Westpac and mobile security specialist Gemalto provided other pieces of the jigsaw for today's demo.
All this cooperation makes it more likely that the mobile payment dream will come true. Not just your credit and eftpos cards, all your loyalty cards could be loaded, in virtual form, onto your mobile, for wireless payments at any retailer.
If only it wasn’t betting on NFC …
The demo itself
The demo worked perfectly. (It was held at the Auckland office of Thales, the French conglomerate that has emerged as the arch-enemy of NZ's Snapper).
No surprises there. NFC technology has been hanging around in the background for years, while manufactures, politicians, telcos, banks, payment network operators, retailers and others arm wrestle around it.
A Samsung Galaxy S3 was tapped against a payment terminal, the fare deducted, and our demonstator was duly allowed to walk through an actual ferry turnstyle.
As with 2degrees and Snapper's already up-and-running Touch2Go mobile payment scheme in Wellington, it doesn’t matter if you’re out of coverage, or the phone is off, as the NFC technology is in-SIM, as opposed to the rival in-Phone iteration used by HTC. It’s not as easy as just popping in an NFC-capable SIM card, as the an in-SIM handset also has to have an NFC antenna. Got it?).
Mobiles can be big time-savers for shoppers, and for travelers.
New Telecom CEO Simon Moutter knows this. As Auckland Airport CEO he saw Air New Zealand introduce its acclaimed mPass app for iPhone.
If so, he could be naturally inclined to think Apple's alternative path to NFC, Passport (likely to be imitated by Android), could be a better path - or at least one that has to be taken into account as Telecom weighs its broader options for mobile payments and services.
There are so many potential avenues - including NZ retail software company Vend, which is working with PayPal on mobile in-store payments. And to keep its rivalry with Thales juicing along, last week Snapper staged an Auckland launch for its Touch2Go system, which it says can be used at 300 retailers if you buy a special NFC SIM card from 2degrees (for $20) or have one of five compatible Android handsets (the high-profile Samsung Galaxy SIII plus the Huawei Ascend Y201, and the L5, L7 and Net in LG's Optimus series).

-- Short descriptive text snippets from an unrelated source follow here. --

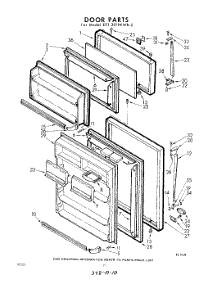 10 - Door parts for Whirlpool Refrigerator EET201PKWR0 / from AppliancePartsPros.com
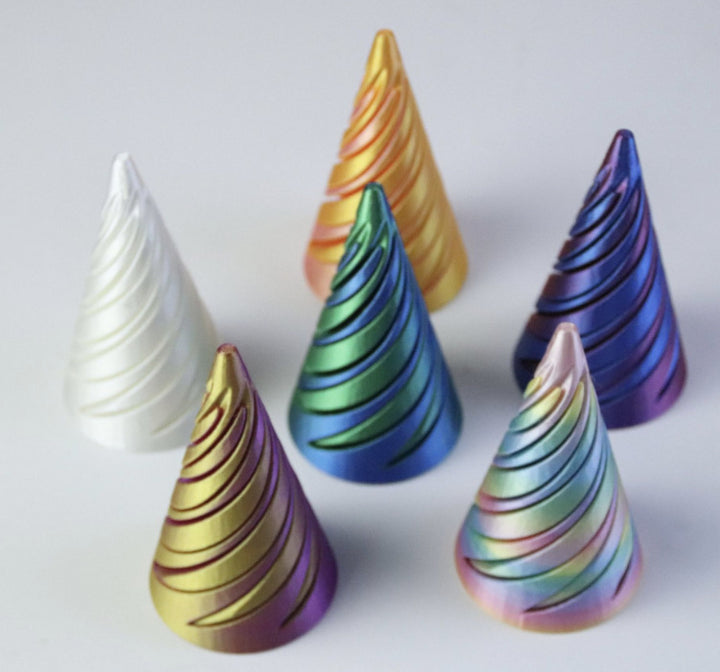 3D-gedrucktes Spiral-Pyramiden-Spielzeug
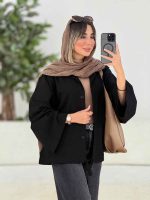 مانتو دو جیب پایین بند کد 7661 - تصویر 12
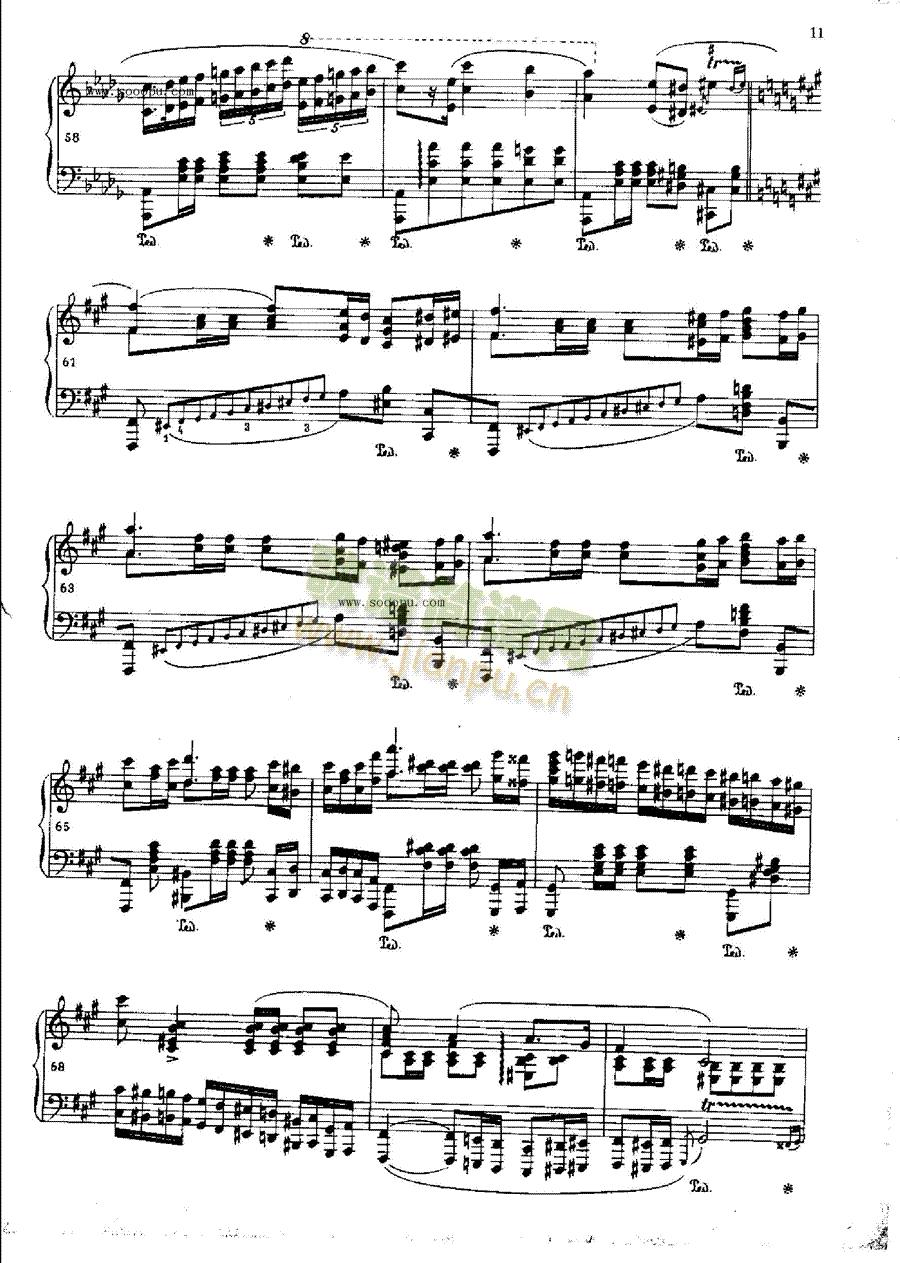 波洛涅兹OP.44键盘类钢琴(其他乐谱)5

Who knows where we'll end up with mobile payments ... or how much ratepayer money Auckland Transport (a division of Auckland Council) in its efforts to pick the right course. But where ever we get to, I'm pretty sure it will include iPhones like Rod's - and the phones of the great unwashed.
Postscript:
Telecommunications engineer Steve Biddle thows another complication into the mix: an API (application programming interface) in a phone's operating system software (such as iOS or Andorid) to communicate with a smartphone's NFC secure element. "There isn't such a thing as a 'standard' API, but several competing ones.The Open SIM Alliance API stands the best chance of becoming the 'standard' but whether Google will adopt it into the Android OS is another issue entirely."